Ms. Wynne announced a plan last week to spend $29-billion over 10 years to build new subways, highways and express commuter trains. The plan is to be paid for partly by diverting existing gas tax revenues and in part through new “revenue tools” – likely taxes, tolls or asset sales – to be unveiled in the budget.
The Liberals are expected to make a big push for NDP votes, particularly in Toronto, and have repeatedly accused Ms. Horwath of being absent on urban issues. In a statement after the announcement, Transportation Minister Glen Murray said she had been “nowhere” on transit, and also rejected her call for a corporate tax increase.
“Anyone watching this issue for the past year will know that Horwath is scrambling when it comes to paying for transit and transportation projects,” he said. “Ontario is emerging from the global recession. However, our recovery remains fragile. This is not the time for across the board corporate tax increases that will dampen growth and further job creation.”
The Progressive Conservatives, meanwhile, have pitched a plan to pay for transit by moving other infrastructure projects down the list. Conservative Leader Tim Hudak has also said the relief line is a priority, along with subway extensions to the suburbs.
“Right now, the province spends about $12-billion a year on infrastructure, on capital, on buildings…all you need to do is find 10, 15 per cent of that and prioritize it, and you can actually build subways,” he said at a transit photo opportunity last week.
The Liberals control only a minority of seats in the legislature, and need the support of the NDP to pass a budget and avoid a snap election. The Conservatives have already signalled that they will vote against the budget.
Ms. Horwath would not say how large a corporate tax hike she is asking for.

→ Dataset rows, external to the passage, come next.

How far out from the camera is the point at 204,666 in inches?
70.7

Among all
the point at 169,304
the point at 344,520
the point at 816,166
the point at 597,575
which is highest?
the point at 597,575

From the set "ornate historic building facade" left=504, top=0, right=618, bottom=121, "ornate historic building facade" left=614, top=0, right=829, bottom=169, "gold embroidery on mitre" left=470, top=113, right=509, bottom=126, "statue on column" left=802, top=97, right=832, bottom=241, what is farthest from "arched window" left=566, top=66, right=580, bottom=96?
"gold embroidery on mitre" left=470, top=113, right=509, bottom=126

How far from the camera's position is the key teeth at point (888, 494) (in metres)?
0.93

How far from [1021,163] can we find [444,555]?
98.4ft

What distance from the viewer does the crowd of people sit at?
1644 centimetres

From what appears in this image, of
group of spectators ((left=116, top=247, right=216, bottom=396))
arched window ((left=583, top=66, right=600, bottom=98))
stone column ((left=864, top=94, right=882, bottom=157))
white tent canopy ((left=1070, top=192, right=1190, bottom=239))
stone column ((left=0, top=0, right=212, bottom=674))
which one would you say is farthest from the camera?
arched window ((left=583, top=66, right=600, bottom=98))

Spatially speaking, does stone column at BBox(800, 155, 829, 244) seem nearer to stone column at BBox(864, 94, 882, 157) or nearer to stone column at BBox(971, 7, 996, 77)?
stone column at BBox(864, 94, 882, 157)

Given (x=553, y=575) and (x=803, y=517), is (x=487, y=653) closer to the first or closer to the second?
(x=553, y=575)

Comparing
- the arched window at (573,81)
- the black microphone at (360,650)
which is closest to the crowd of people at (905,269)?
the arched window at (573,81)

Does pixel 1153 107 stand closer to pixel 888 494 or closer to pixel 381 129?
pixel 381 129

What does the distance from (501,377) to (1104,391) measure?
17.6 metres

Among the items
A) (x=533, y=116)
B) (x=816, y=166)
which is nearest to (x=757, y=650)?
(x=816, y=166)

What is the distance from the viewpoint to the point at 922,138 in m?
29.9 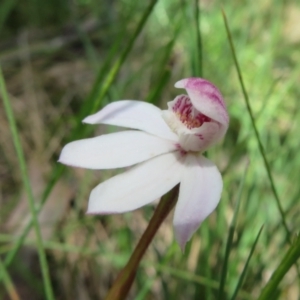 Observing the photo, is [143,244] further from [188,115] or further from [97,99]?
[97,99]

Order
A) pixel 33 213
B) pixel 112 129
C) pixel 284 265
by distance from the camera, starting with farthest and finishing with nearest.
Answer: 1. pixel 112 129
2. pixel 33 213
3. pixel 284 265

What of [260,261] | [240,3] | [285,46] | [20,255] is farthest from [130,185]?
[240,3]

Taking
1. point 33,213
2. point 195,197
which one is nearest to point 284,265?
point 195,197

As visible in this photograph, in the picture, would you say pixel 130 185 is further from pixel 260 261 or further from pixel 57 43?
pixel 57 43

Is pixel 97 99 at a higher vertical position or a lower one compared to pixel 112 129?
higher

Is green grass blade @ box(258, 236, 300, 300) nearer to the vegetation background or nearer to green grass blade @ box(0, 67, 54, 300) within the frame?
the vegetation background

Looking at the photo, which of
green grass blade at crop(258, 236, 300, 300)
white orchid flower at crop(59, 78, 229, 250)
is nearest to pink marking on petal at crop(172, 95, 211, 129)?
white orchid flower at crop(59, 78, 229, 250)

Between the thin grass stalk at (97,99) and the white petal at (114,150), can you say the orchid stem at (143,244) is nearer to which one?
the white petal at (114,150) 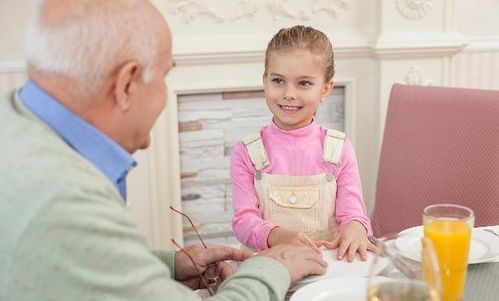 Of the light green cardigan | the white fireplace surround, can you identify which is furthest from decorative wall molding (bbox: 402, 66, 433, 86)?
the light green cardigan

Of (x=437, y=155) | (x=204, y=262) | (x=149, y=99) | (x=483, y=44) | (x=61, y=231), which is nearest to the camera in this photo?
(x=61, y=231)

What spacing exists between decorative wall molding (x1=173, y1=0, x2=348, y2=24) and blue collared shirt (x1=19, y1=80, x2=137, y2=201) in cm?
174

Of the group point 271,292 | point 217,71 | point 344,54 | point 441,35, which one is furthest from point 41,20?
point 441,35

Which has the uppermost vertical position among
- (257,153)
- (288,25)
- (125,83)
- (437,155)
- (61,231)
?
(125,83)

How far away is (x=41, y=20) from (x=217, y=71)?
178 cm

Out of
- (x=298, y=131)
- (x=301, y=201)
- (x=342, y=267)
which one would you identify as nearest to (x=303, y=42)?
(x=298, y=131)

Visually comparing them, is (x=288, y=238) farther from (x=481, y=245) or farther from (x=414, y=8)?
(x=414, y=8)

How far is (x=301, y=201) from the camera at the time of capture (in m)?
1.63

Asked to clarify, she would only say she supported a “modest” tax increase.
At a closed-door meeting with business leaders at Ryerson University last month, Ms. Horwath said she would not support raising corporate income tax back to 14 per cent – the level it was in 2010 before the Liberals started cutting it – but did not specify how high she would be willing to go in between. The current tax rate is 11.5 per cent.
“The corporate sector, which benefits from investments in transit, needs to be part of the solution,” Ms. Horwath said Wednesday. “It’s a rollback of a tax cut that didn’t achieve anything, frankly, for the people of Ontario. These tax cuts were supposed to have created all kind of jobs and investment in our province. They haven’t.”
Ms. Horwath also called on the government to sell its shares in General Motors to pay for transit, something Finance Minister Charles Sousa has already mused about doing.
And she said the province’s new independent budget watchdog should evaluate evaluate transit financing and the province should restore train service to Northern Ontario.